=== Records provided ===

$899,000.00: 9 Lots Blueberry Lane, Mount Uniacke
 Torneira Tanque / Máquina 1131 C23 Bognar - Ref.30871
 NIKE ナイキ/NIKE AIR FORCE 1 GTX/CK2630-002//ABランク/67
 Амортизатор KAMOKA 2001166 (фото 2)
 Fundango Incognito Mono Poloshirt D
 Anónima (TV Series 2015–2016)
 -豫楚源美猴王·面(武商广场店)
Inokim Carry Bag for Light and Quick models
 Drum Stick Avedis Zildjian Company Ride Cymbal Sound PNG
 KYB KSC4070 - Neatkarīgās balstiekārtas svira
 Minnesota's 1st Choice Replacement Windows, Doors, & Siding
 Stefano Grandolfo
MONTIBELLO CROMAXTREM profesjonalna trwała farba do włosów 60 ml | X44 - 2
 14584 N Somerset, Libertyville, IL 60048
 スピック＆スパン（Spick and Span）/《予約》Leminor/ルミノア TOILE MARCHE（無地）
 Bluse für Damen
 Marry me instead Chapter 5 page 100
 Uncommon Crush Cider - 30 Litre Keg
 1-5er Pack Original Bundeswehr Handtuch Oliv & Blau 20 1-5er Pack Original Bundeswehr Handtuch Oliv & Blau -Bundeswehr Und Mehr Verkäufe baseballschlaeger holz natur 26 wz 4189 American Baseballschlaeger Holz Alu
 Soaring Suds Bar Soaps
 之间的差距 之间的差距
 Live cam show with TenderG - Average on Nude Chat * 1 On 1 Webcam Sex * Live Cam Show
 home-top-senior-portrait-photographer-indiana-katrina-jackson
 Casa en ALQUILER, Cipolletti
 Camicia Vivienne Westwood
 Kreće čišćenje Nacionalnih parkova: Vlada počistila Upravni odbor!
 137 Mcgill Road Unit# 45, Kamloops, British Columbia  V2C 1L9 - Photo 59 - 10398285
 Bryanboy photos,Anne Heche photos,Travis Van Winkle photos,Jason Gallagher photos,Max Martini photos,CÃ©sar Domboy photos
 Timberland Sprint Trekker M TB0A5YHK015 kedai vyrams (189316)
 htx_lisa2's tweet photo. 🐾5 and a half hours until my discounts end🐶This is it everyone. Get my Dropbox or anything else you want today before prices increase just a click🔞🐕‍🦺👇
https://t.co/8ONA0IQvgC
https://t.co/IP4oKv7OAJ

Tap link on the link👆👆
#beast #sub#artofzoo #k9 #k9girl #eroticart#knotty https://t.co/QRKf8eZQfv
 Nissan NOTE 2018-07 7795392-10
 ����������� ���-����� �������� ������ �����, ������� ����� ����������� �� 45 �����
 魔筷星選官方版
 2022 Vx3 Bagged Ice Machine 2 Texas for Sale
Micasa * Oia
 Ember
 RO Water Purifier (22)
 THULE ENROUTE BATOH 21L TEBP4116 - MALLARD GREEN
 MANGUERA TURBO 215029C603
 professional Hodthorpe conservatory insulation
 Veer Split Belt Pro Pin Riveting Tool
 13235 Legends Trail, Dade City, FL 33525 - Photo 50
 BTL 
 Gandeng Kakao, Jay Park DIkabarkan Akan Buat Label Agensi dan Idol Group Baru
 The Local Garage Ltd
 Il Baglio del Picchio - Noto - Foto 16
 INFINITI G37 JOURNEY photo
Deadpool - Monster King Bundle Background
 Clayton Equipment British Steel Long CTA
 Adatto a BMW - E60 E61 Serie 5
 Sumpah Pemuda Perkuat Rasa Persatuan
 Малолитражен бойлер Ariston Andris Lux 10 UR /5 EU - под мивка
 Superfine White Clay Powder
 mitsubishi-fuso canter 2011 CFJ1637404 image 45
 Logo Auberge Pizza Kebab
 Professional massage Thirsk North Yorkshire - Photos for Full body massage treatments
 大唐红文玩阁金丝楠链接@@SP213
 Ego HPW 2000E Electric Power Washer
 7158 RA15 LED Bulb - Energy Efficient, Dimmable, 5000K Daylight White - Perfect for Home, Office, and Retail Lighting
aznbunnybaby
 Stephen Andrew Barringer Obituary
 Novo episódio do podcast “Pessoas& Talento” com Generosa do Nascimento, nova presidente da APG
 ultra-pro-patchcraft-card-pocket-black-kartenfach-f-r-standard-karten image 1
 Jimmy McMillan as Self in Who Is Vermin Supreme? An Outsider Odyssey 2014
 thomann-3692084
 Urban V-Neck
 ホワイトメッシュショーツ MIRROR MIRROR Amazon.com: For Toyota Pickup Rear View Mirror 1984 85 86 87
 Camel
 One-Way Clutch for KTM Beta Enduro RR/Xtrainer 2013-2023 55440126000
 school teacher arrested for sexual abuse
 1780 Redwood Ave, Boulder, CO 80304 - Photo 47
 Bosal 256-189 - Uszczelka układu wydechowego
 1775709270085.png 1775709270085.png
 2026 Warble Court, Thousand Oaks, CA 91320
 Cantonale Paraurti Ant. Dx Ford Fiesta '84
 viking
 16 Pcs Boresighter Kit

===

» Exercise description:
Copy all lines from the material that contain "White".

» Solution to the exercise:
 Superfine White Clay Powder
 7158 RA15 LED Bulb - Energy Efficient, Dimmable, 5000K Daylight White - Perfect for Home, Office, and Retail Lighting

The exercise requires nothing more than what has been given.